Le germe, sur la paroi, d’une figure animale apparaît ainsi comme un signe symbolique, une parole dite, un oracle ou au moins un signifiant. Il vaut la peine de citer ce savoureux passage du Séminaire où l’importance de ce thème donne à Lacan une quérulence toute nietzschéenne : « Qu’il y a des signifiants de base sans lesquels l’ordre des significations humaines ne saurait s’établir, notre expérience nous le fait sentir à tout instant. N’est-ce pas aussi bien ce que nous expliquent toutes les mythologies ? Pensée magique, ainsi s’exprime la connerie scientifique moderne chaque fois qu’elle se trouve devant quelque chose qui dépasse les petites cervelles ratatinées de ceux à qui il semble que, pour pénétrer dans le domaine de la culture, la condition nécessaire est que rien ne les prennent dans un désir quelconque qui les humaniserait. Pensée magique, ce terme vous paraît-il suffire à expliquer que des gens qui avaient toutes les chances d’avoir les mêmes rapports que nous à la naissance, aient interprété le jour, la nuit, la terre et le ciel comme des entités qui se conjuguent et qui copulent dans une famille mêlée d’assassinats, d’incestes, d’éclipses extraordinaires, de disparitions, métamorphoses, mutilations, de tel ou tel des termes ? Vous croyez que ces gens-là ils prenaient vraiment ces choses au pied de la lettre ? C’est vraiment les mettre au niveau mental de l’évolutionniste de nos jours, qui croit tout expliquer.« [4]

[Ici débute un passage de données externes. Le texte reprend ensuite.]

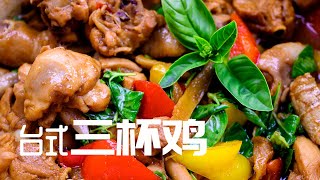 [4K + CC sub] Üç fincanlık tavuk (San Bei Ji), Klasik Tayvan Mutfağı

Le talent de reconnaître est certainement aussi d’une importance vitale pour le chasseur, reconnaître un bruit, une odeur, un mouvement. Pourtant, dans la fresque rapide de l’évolution humaine qu’il brosse dans Le hasard et la nécessité, Jacques Monod — principal introducteur de la pensée de Karl Popper en France — n’évoque pas un instant cette faculté qui va à l’encontre de sa philosophie. Il mentionne uniquement l’avantage téléonomique d’un langage naissant : « Aussitôt qu’existait un système de communication symbolique, les individus ou plutôt les groupes les mieux doués pour son emploi acquéraient sur les autres un avantage… » Il y a comme une incompatibilité de la fécondité de l’interprétation avec une certaine épistémologie.
Dans l’article « Le pluralisme est l’état instantané permanent de la connaissance scientifique » nous partons de ces dons que nous révèle l’art pariétal et d’autres exemples de l’importance du talent interprétatif pour repenser la question de la science à l’époque contemporaine où l’humanité a à faire face à des difficultés nouvelles.